C'est là que le mouvement du 15-M a peut-être joué... au détriment des partis minoritaires dont les manifestants assurent pourtant défendre la cause, face aux mastodontes politiques! Ironique pour un mouvement qui juge que la démocratie lui a été confisquée par le bipartisme ambiant.
Qui a vraiment gagné les élections de dimanche?
Le PP a gagné ces élections locales. La seule "autonomie" qui reste entre les mains du PSOE sans coalition nécessaire, l'Andalousie, ne votait pas dimanche! Si ces résultats avaient été ceux d'un scrutin à l'échelle nationale, les conservateurs ne seraient qu'à 13 sièges de la majorité absolue. "L'Espagne vote le changement", claironne ABC. Pour El Mundo, l'humeur du PP serait la même s'il venait de remporter l'Eurovision ou l'Euromillions!
Mariano Rajoy, leader des conservateurs espagnols, se félicite des résultats de dimanche.
REUTERS/Sergio Perez
Mais c'est surtout le leader du parti qui tire profit, au sein de sa famille politique, de ces résultats. Mariano Rajoy, successeur de José Maria Aznar qui a quitté le pouvoir en 2004, aura mis toutes ces années à asseoir sa légitimité, souligne El Mundo, qui analyse une photo de dimanche soir.
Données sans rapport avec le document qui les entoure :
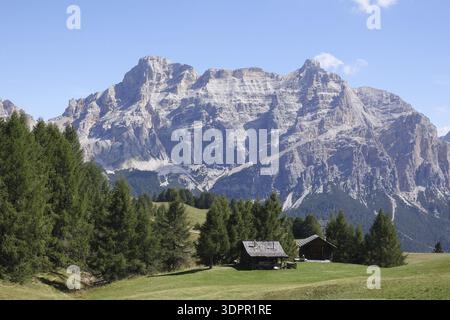 Fanes und Cunturines in den Dolomiten, vom Pralongia-Plateau aus gesehen Stockfoto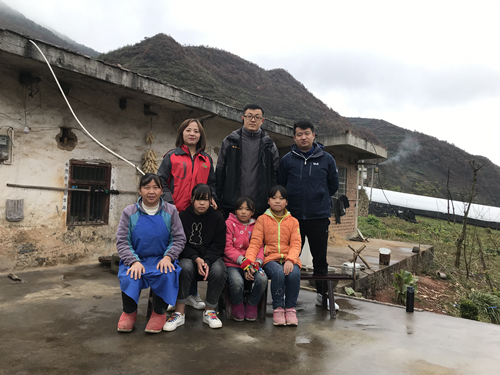 南京体彩21703业主尤国浩——用爱播撒阳光1_副本.jpg 南京体彩21703业主尤国浩——用爱播撒阳光1_副本.jpg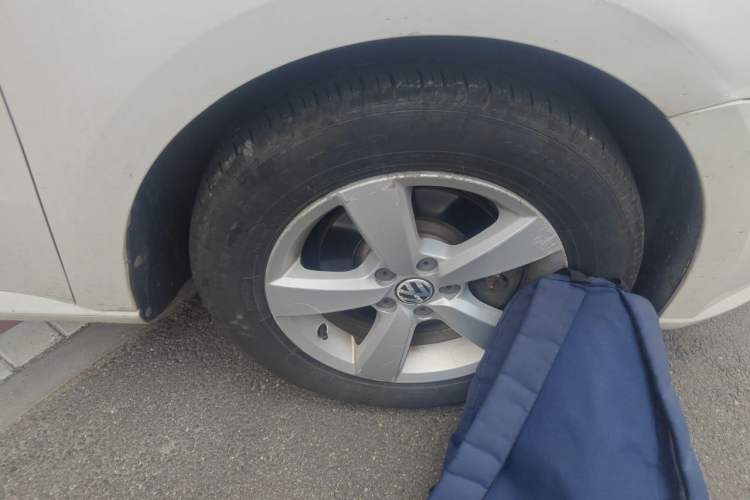Used Volkswagen Gran Lavida 2013 1.6L Automatic Fashion Model Right Front Wheel Hub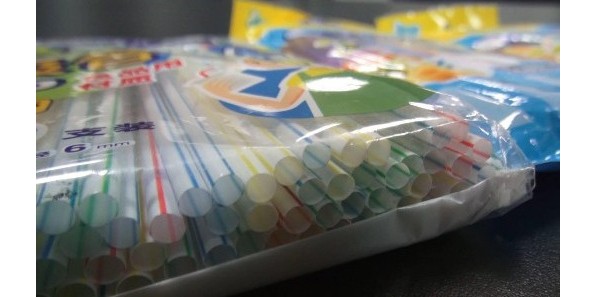 山东首发一次性塑料餐具消费提示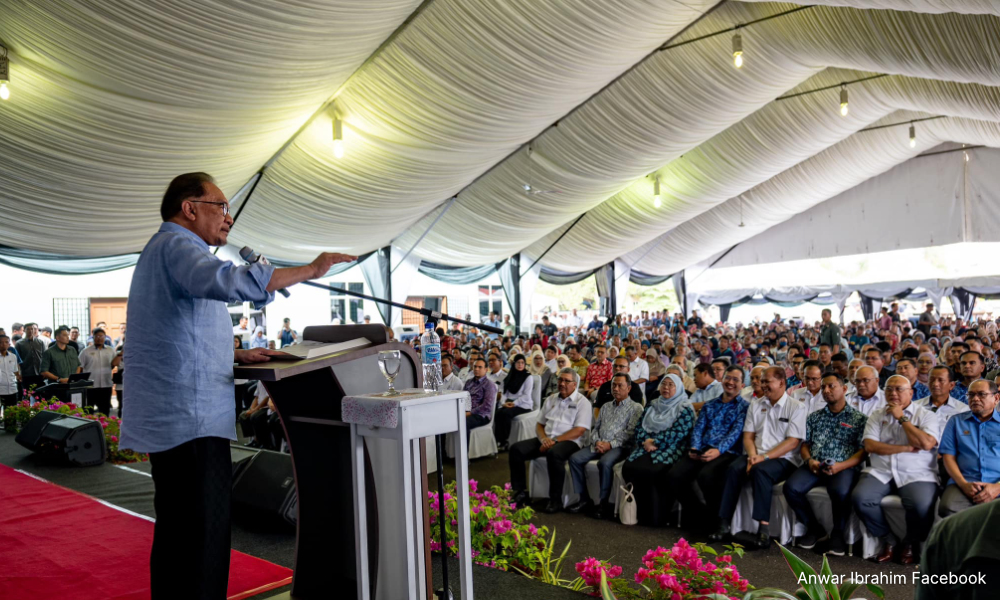 Ministers, senior govt officials must seriously monitor village conditions: PM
Il aurait enfin pris l'ascendant sur ses ennemis intimes, semblant dédier ces résultats à tous ceux qui n'ont pas cru en lui! La Razon le voit déjà "frapper à la porte de La Moncloa", le Matignon espagnol.
Des victoires locales, mais importantes malgré tout, sont également à noter. Le parti Convergencia i Union (CiU) remporte la mairie de Barcelone. La coalition de gauche Bildu a par exemple créé la surprise, devenant la deuxième force politique du Pays Basque. Cette formation, créée spécialement pour ce scrutin et qui a permis une présence indirecte de Batasuna, le bras politique interdit du groupe armé ETA, a frappé fort en remportant plus d'un quart des suffrages, derrière les nationalistes de centre-droit du PNV.
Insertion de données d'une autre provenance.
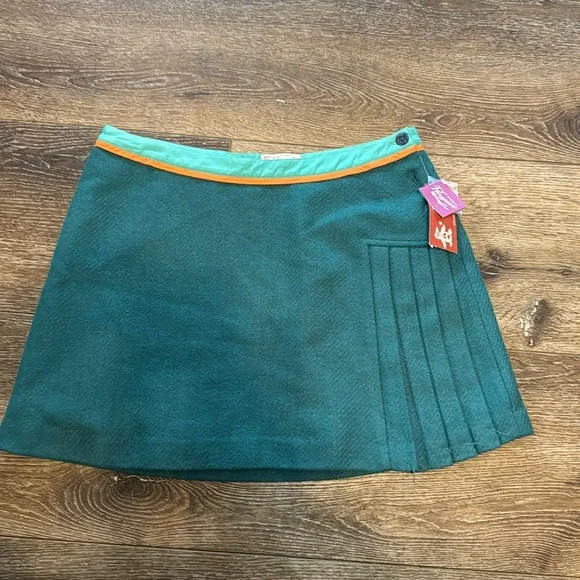 Penguin wool skirt NWT 4‎
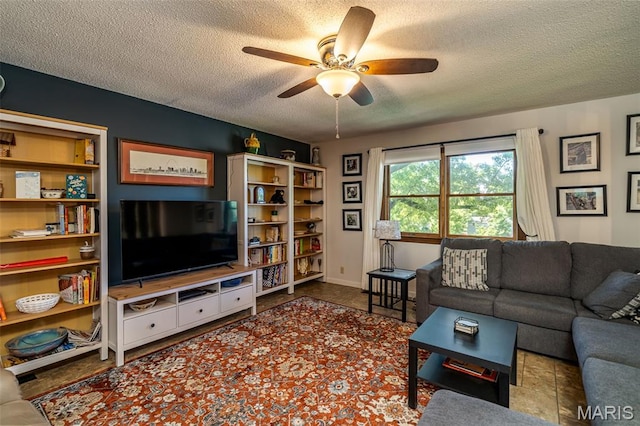 1003 Marilyn Ct, Washington, MO 63090 - living area featuring a textured ceiling and a ceiling fan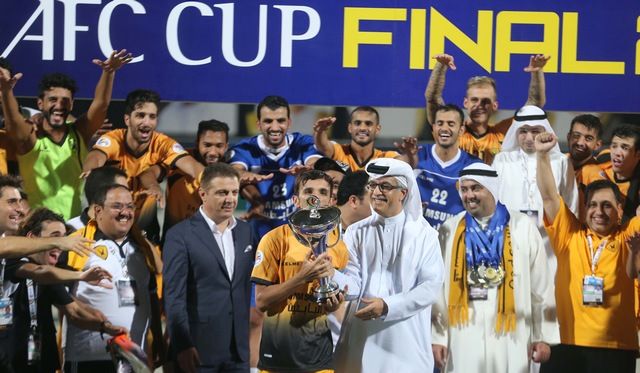 سلمان بن ابراهيم يتوج فريق القادسية الكويتي بطلاُ لمسابقة كأس الإتحاد الآسيوي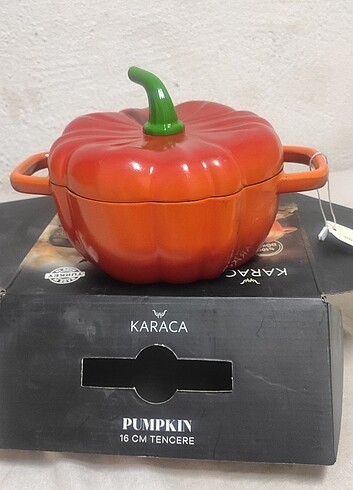 Karaca döküm domates ve kabak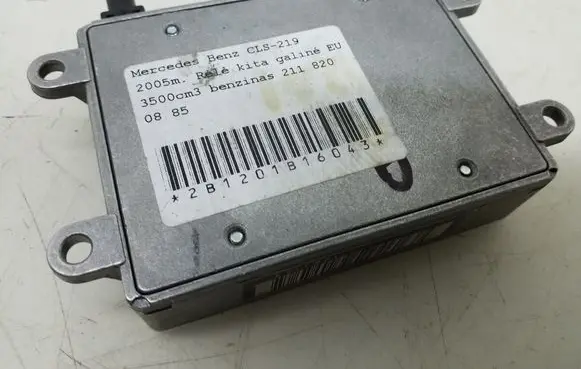 Mercedes-Benz CLS C219 Aerial antenna amplifier A2118200885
Des figures prennent aussi plus de poids, comme le note ce trombinoscope d'ABC. Esperanza Aguirre élargit sa majorité à la mairie de Madrid, Dolores de Cospedal prend la région Castilla La Mancha aux socialistes, ou encore Juan Ignacio Zoido qui leur ravit la mairie de Séville, tandis que Francisco Camps les maintient à distance respectable à Valence.
Et maintenant?
"Si Zapatero et son gouvernement n'entreprennent pas des initiatives politiques, le Partido Popular se sentira assez fort pour réclamer la dissolution des Chambres"... menant à des élections générales anticipées, avant le printemps 2012, souligne El Pais. Le PP porte aussi une responsabilité importante. A la tête de nombreuses collectivités locales désormais, "il lui incombe d'apporter des réponses à la situation économique problématique que rencontrent de nombreuses municipalités et régions", ajoute le quotidien proche des socialistes, regrettant que le sujet soit passé inaperçu au cours de la campagne électorale.
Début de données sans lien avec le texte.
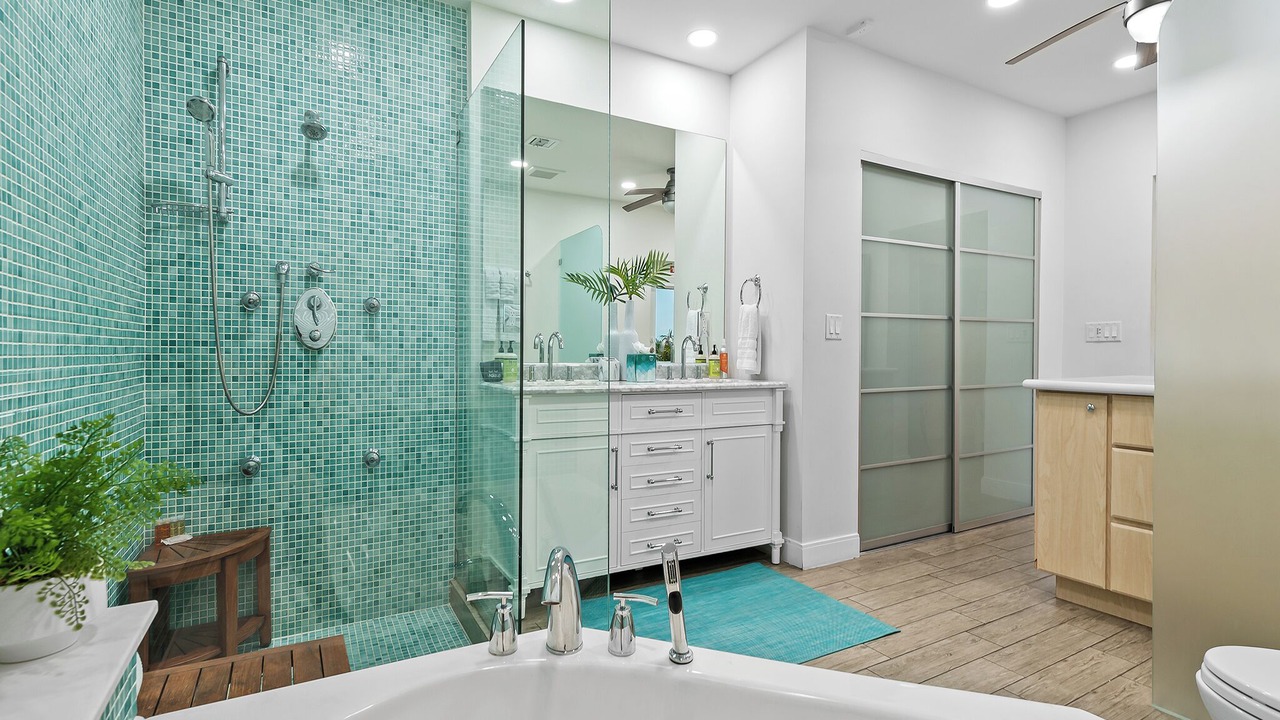 Photo of Bathroom in Poinsettia Heights
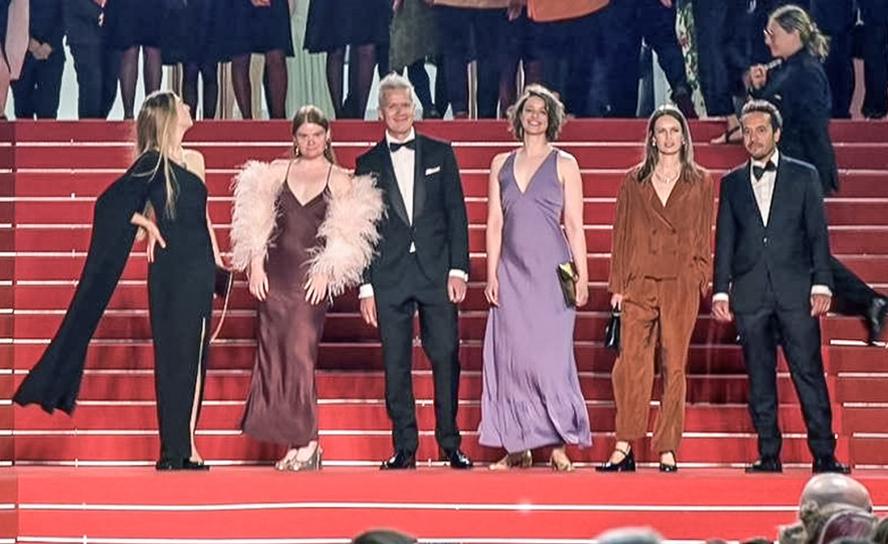 Glamour statt Gesangbuch: Felicitas Erben (v. l.), Marie Charlotte Seidel, Produzent Michel van der Aa, Viola Blache, Helene Erben und der Kreativleiter Aram Balian auf dem roten Teppich vor dem Festspielhaus in Cannes.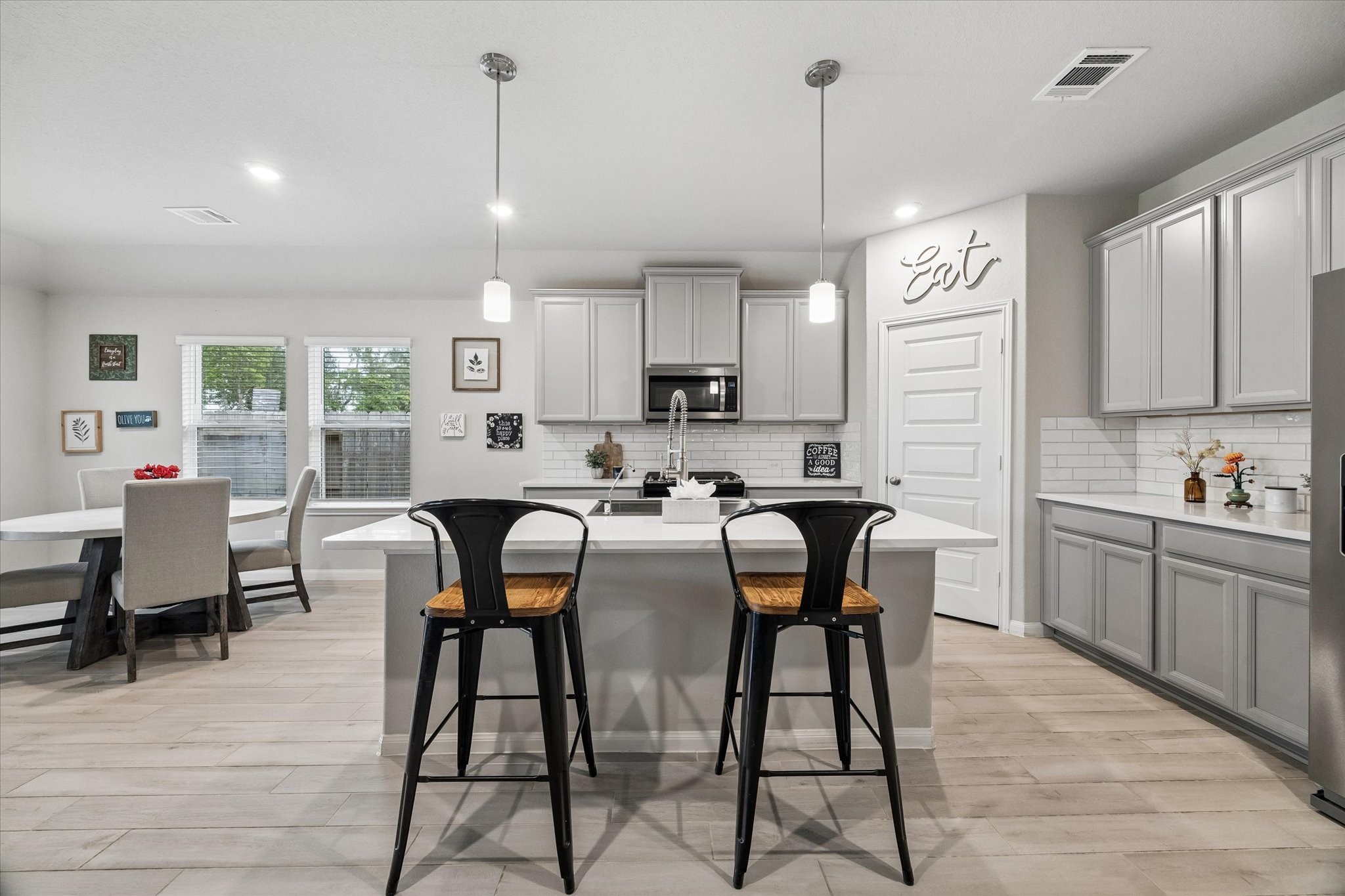 12826 Royal Ann Way Property Photo 12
C'est maintenant, après les élections, l'épreuve du feu pour le mouvement qui doit se transformer en forum permanent
La société civile s'est réveillée et les "Indignés" promettent de poursuivre leur mobilisation, au moins encore une semaine... "C'est maintenant, après les élections, l'épreuve du feu pour le mouvement qui doit se transformer en forum permanent", estime le philosophe Miguel Morey, interrogé par le quotidien catalan La Vanguardia.
Mais El Mundo craint que l'effet ne soit pas vraiment durable. "Après la fête, la sieste de la démocratie pourra reprendre". Et pour qu'elle reprenne un peu plus vite encore, on pourrait bien déloger les sympathiques mais bruyants campeurs de la Puerta del Sol.